[Work task]
Please take the lines from the one holding "LOUIS VUITTON Monogram" through the one holding "Taf Toys - Legemåtte" in the data below and copy them exactly.
Segment Start: Data records
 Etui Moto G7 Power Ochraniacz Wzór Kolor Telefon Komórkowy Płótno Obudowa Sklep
Segment End: Data records
Segment Start: Data records
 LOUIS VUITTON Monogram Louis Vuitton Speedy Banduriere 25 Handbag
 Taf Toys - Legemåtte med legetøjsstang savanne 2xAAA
Segment End: Data records
[Finished task]
 LOUIS VUITTON Monogram Louis Vuitton Speedy Banduriere 25 Handbag
 Taf Toys - Legemåtte med legetøjsstang savanne 2xAAA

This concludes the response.